Eğitim-Sen, Köy Enstitüleri Ruhu İçin Ankara Da

Eğitim-Sen, Köy Enstitüleri Ruhu İçin Ankara Da

18.04.2010 10:32:37

Köy Enstitülerin, 70. yılını kaydeden Eğitim Sen Silivri Temsilciliği, şu açıklamada bulundu: “Köy Enstitüleri, Anadolu’nun birer aydınlanma meşaleleri olarak 17 Nisan 1940’ta kuruldu. Bugün Köy Enstitülerinin 70. kuruluş yıldönümü kutlanıyor. Köy Enstitüleri aydınlamanın taşıyıcısı olmuştur. Eğitimi yalnızca bilgi verme süreci olarak görmeyen Köy Enstitüsü hayatın tamamını kapsayan bir eğitim sürecini hayata geçirmiştir. Bugün dahi öğrencileri okutulmaktan kaçınılan dünya ve Türk edebiyatına ilişkin klasikler eğitimin temel kitapları olmuştur. Köy Enstitüleri’nin kapatılması bu anlamda aydınlanma sürecinin durdurulması anlamına gelmiştir. Köy Enstitüleri, bugün hurafelerle doldurulmaya çalışılan gerici eğitim anlayışına karşı aydınlanmacı eğitimi, ticarileştirilen/halkla bağı kopartılan eğitim anlayışına karşı da toplumcu eğitim anlayışını işaret eder.  Eğitim Sen laik, demokratik, bilimsel, çağdaş eğitimden yana mücadelesinde Köy Enstitüleri’nin aydınlanmacı anlayışından güç almakta, onu sahiplenmektedir.

Köy Enstitüleri yalnızca öğretmen yetiştiren kuruluşlar olmayıp, bulunduğu çevreyi araştıran, geliştiren ve çevrenin kalkınmasını da üstlenmiş kurumlar olarak ortaya çıkmıştır.
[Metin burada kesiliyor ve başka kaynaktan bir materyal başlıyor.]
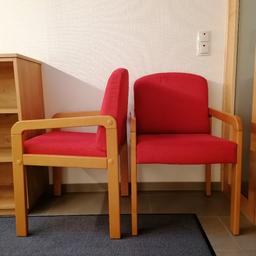 Wir verkaufen 1 roten Loungestuhl / Polstersessel aus einem Appartement;
Keine Beschädigungen oder Gebrauchsspuren;

Nur Abholung und Zahlung in bar.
Bu anlamda yerine getirdiği işlevin önemi tartışılamaz. Köy Enstitüleri kırsal yörede toplumsal, ekonomik ve kültürel kalkınmayı sağlamak; bu alanda ilgili gerekli elemanları yetiştirmek için kurulan yapılar olmuştur. Bu dönemde köy çocukları eğitildikten sonra köylerine tarımda, işte, sanatta, zenaatta ve sağlık alanlarında öğretmen olarak geri gönderilmişlerdir.
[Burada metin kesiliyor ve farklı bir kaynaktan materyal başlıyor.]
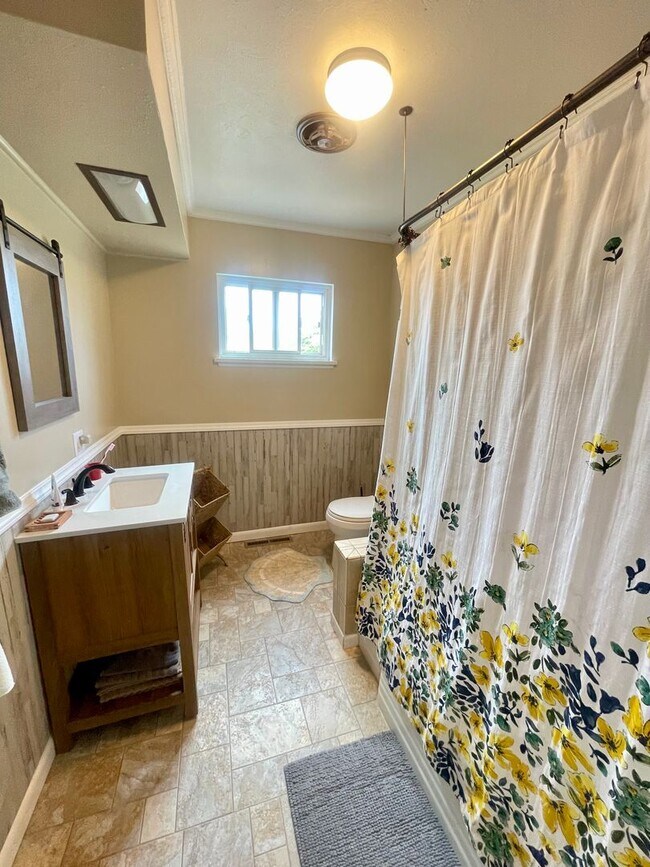 Building Photo - Furnished 3 bedroom/2bath close to Garden of the Gods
Çok değişik ve çarpıcı bir girişim olan Köy Enstitüleri hareketi belki de dünyaya örnek bir projedir. Ne yazık ki önemi halen yeterince anlaşılamamıştır. Köy Enstitülerinin başlıca amacı kırsal alanı kalkındırmak, köylüyü eğitmek ve eğitmenlerle köylüyü üretici duruma getirmekti.

Köy Enstitülerinde yaşam, dönemin öğretmen ve öğrencilerinin anlatımı ile tam “birliktelik, katılım, yetki” ve "sorumluluk" eksenlerine oturtulmuştur. Enstitülerde kararlar yönetici-öğretici-öğrenci üçlüsünün katkı ve onayıyla alınmıştır.
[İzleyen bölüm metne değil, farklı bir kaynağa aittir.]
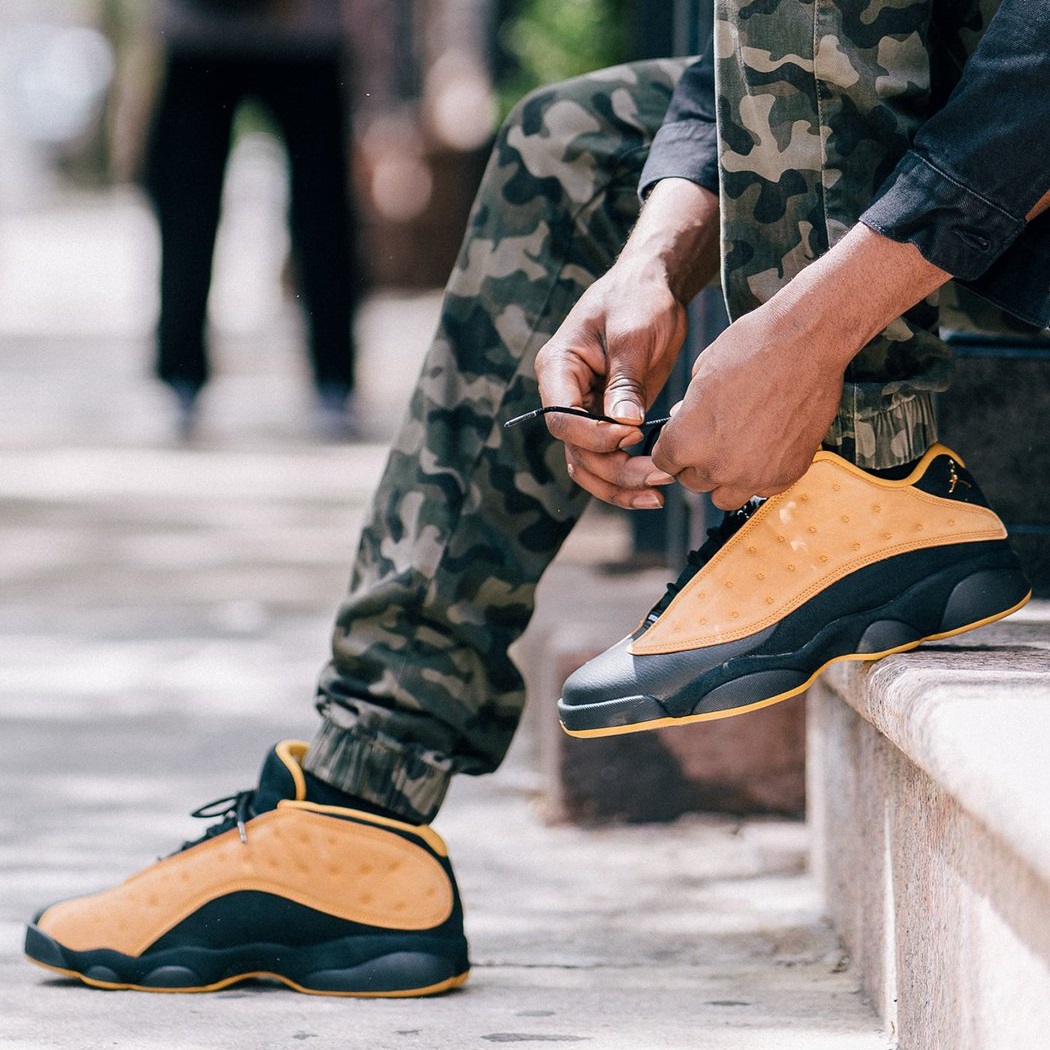 Air Jordan 13 黄黑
Köy Enstitülerine eğitim anlamında yüklenen sorumluluk ağır ve anlamlıdır. Köy Enstitülerindeki anlayış o dönemde "Eğitim, üretim içindedir" şiarıdır. Hep beraber ülkeyi kalkındırmak için üretmek ve hayata birlikte bakmaktır.

O döneme ülkemizin karşı karşıya bulunduğu zorlu koşullar ve uluslararası dinamiklerin ülkemiz üzerinde kurdukları psikolojik etkinin sonucu köy enstitülerin soğuk savaşa kurban edilip kısa sürede kapatılarak tarihin raflarına kaldırılmıştır. Bunu takip eden süreçte ülkenin aydınlık geleceğinin eğitim projesi önce yatılı öğretmen okullarına, sonra yatılı okula, sonra da normal lise eğitimine zamana yayılarak bertaraf edilmiştir.

Bugün öğretmen yetiştirmeden başlayarak eğitim sisteminin yaşadığı pek çok sorunun kaynağında Köy Enstitülerinin kapatılması yatmaktadır. Köy Enstitülerinin kapatılması ülkemizdeki aydınlanma sürecinin durdurulması ve demokratik işleyişin sekteye uğratılması anlamına gelmiş, genel anlamda da demokrasimizin derin bir yara alması sonucunu doğurmuştur. "Aydınlanma ocaklarının" tamamen kapatıldığı 1950’li yıllar ayni zamanda Türkiye gericiliğin, bağnazlığın safına siyasi iktidar eliyle geçtiği yıllar olmuştur. Enstitülerin kapatılması Türkiye’nin aydınlanma tarihinde gericiliğin zaferi olarak yerini almıştır.

Eğitim Sen Köy Enstitüleri’nin ilerici, demokrat ve aydınlanmacı geleneğine sahip çıkmaya devam edecektir.”